Cassandra is an open-source, distributed, decentralized, horizontally scalable, and highly available NoSQL database.  It is based on Amazon Dynamo distribution model and its data model is based on Google BigTable. Cassandra does not have any notion of master/slave as all of its nodes are the same. This helps Cassandra in becoming fault-tolerant and avoiding single point of failure.  The purpose of this blog is to show users how they can install Cassandra on OpenShift platform as a service. In case you want to learn more about Cassandra please read the documentation.

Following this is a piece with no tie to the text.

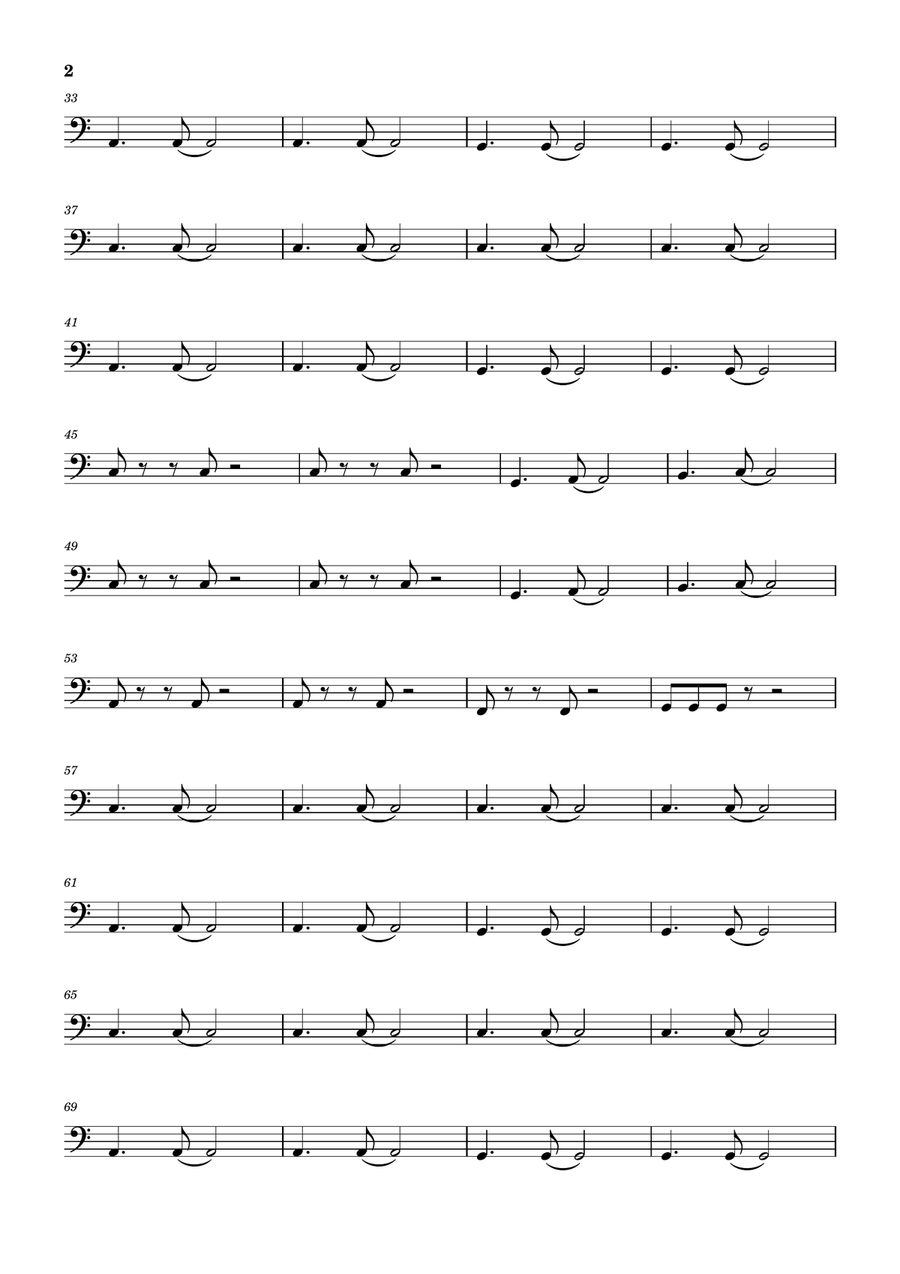 The Best (Simply The Best) Acoustic Guitar scores gallery preview page 2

In this blog, we will be doing single node Cassandra installation. Please note that whole point of using Cassandra is fault tolerance and high availability, so single node installation is only good for a POC and getting your hands dirty with Cassandra. This blog is divided into two parts:

  1. How to install Cassandra running on a DIY application
  2. How you can use Cassandra as an embedded cartridge in a simple Java application.

Prerequisites

Before we can start with deploying Cassandra on OpenShift you need to do the following :

  1. Sign up for an OpenShift Account : If you don’t already have an OpenShift account, head on over to the website and sign up. It is completely free and Red Hat gives every user three free Gears on which to run your applications. At the time of this writing, the combined resources allocated for each user is 1.5 GB of memory and 3 GB of disk space.
  2. Install the client tools on your machine : The OpenShift client tools are written in a very popular programming language called Ruby. With OSX 10.6 or later and most Linux distributions, ruby is installed by default so installing the client tools is a snap. Simply issue the following command on your terminal application:
    sudo gem install rhc
  3. Setting up OpenShift : The rhc client tool makes it very easy to setup your openshift instance with ssh keys, git and your applications namespace. The namespace is a unique name per user which becomes part of your application url. For example, if your namespace is cix and application name is cassandra then url of the application will be http://cassandra-cix.rhcloud.com/. The command is shown below
    rhc setup -l openshift_login

Part 1 : Installing Cassandra on a DIY application

After you have signed up for OpenShift account and ran rhc setup command. The next step is to create a diy application using rhc command line tool. OpenShift’s powerful Do-It-Yourself (DIY) feature allows you to use your own Languages and Data Stores if the built-in Perl, Ruby, PHP, Python, and Java support doesn’t suit you. People have used it to run clojure,jruby,go, couchdb, redis and many other programming languages and datastores. OpenShift can run any binary that will run on RHEL 6.2 x64 because the OpenShift execution environment is a carefully secured Red Hat Enterprise Linux 6.2 running on x64 systems.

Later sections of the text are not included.